За окном всё горел тот же фонарь. И свет его падал на пустой стул, где только что сидел человек, освободившийся от тяжести. И было тихо.
А потом я подумал: много ли нам надо? И отчего же мы так редко позволяем себе просто быть?
Вот так, батенька, и живем. Кто с войной в душе, кто с миром. А бесы — они не в лесу живут и не в преисподней. Они в нас самих гнездятся, когда мы от света отворачиваемся.
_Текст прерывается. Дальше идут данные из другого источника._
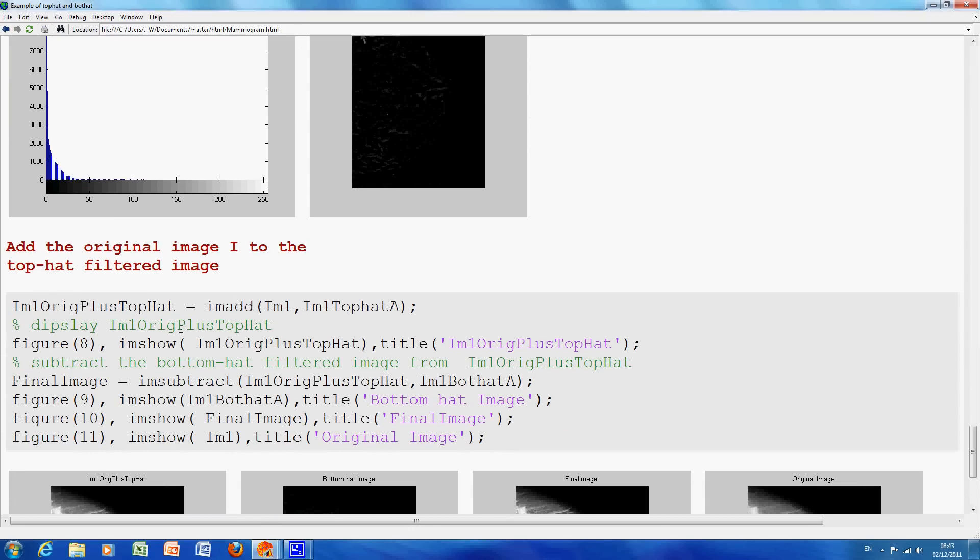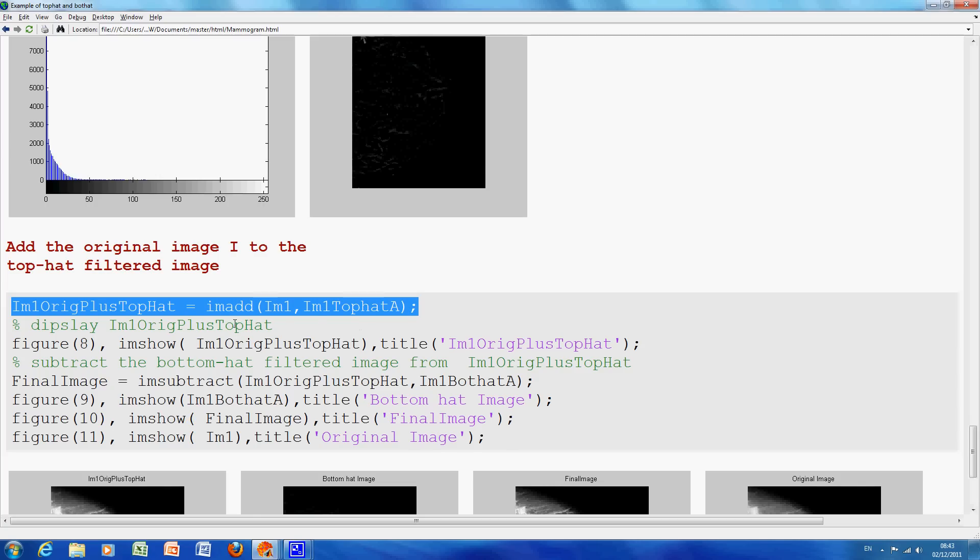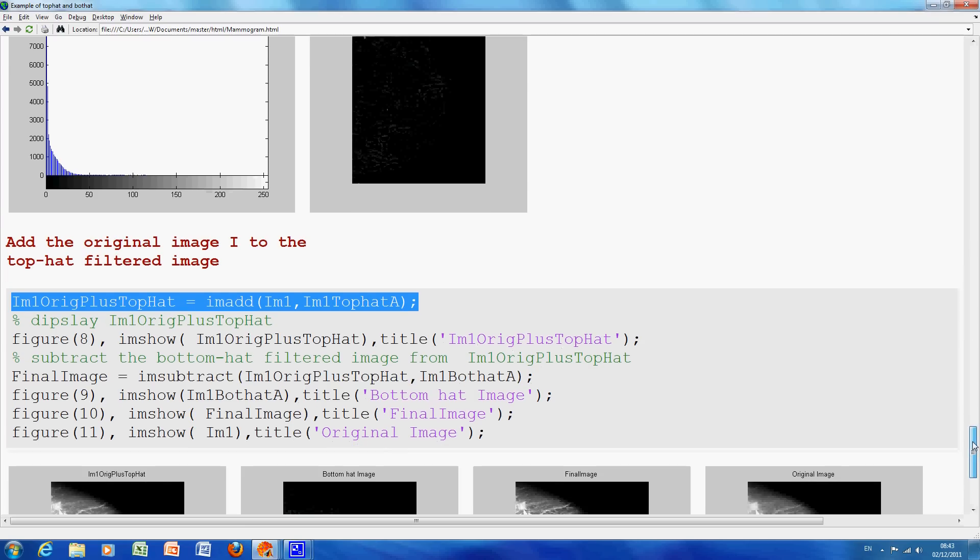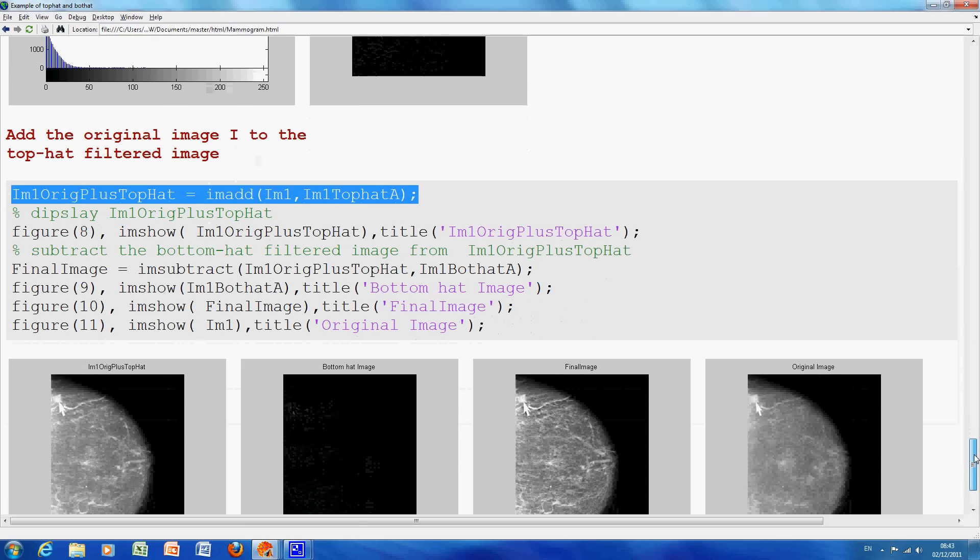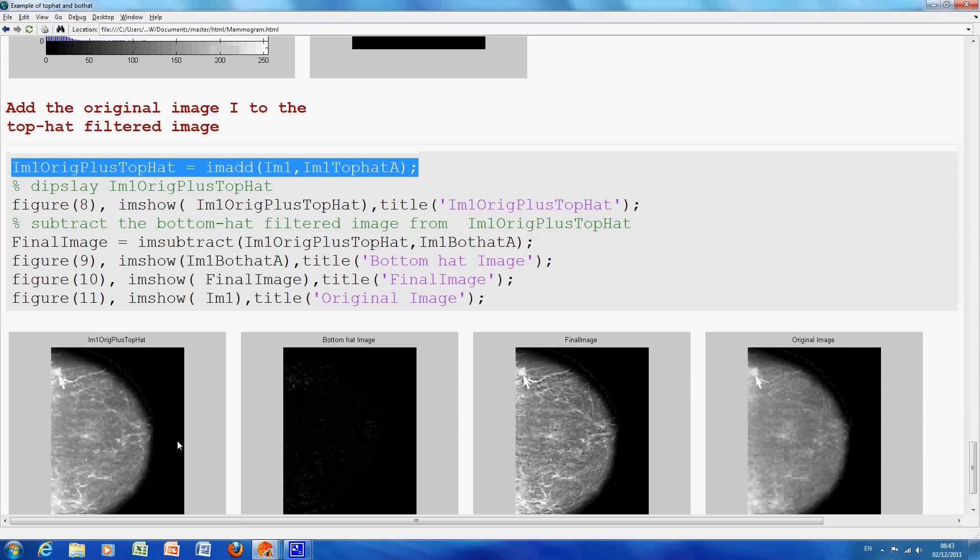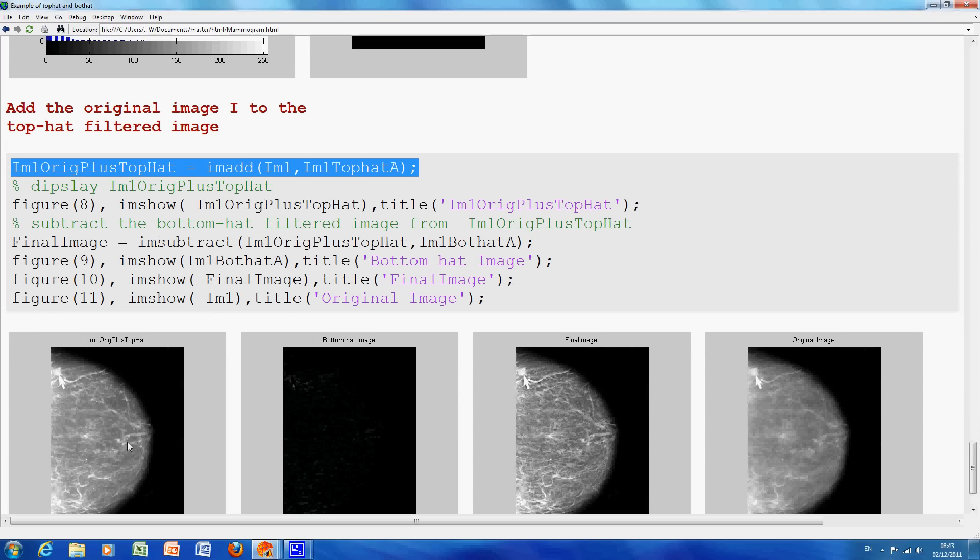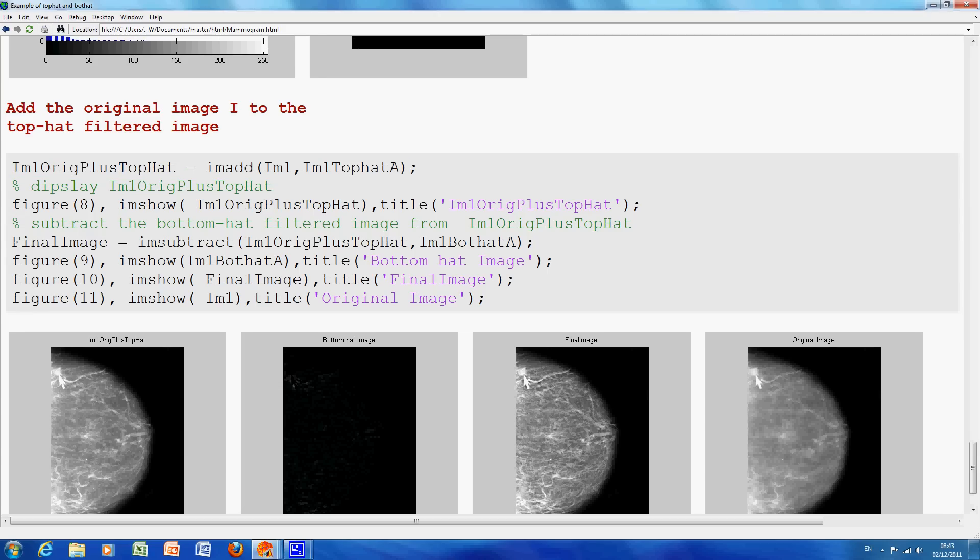Now, this is where the stuff starts. We say, we add to the original, we add the TopHatA, so we're adding the values, so we're adding the white bits, so that'll make them whiter. So, we found the intensity peaks, and we're adding them to the original. So, you would imagine, that image there, the first on the left, so you've added the white bits, now you've done nothing about the dark bits. So that's figure eight.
За окном — Краснодар, наши дни. И если вы читаете эти строки и чувствуете, что внутри у вас сидит тот же чужой, который не дает дышать, — знайте: дверь открыта.
А если нет сил даже прийти — просто посидите в тишине сами. Минуту. Потом другую. А после напишите мне. Иногда одного слова достаточно, чтобы начать путь обратно — к себе.
P.S. Через неделю после той встречи пришла короткая весточка: «Сплю. Жена улыбается. Спасибо».